- **Records supplied**:
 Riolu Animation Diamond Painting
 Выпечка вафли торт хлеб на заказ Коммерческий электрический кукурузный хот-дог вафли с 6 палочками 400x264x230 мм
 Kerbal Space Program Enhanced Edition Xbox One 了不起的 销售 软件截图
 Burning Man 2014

==

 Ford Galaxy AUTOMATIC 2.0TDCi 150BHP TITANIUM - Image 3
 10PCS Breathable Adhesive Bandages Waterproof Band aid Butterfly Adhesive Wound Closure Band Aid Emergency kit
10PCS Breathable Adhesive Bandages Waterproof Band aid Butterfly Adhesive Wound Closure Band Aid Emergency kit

- **What the task requires**: How many of the lines above hold "Breathable"? Answer with only the number.

- **Exercise result**: 2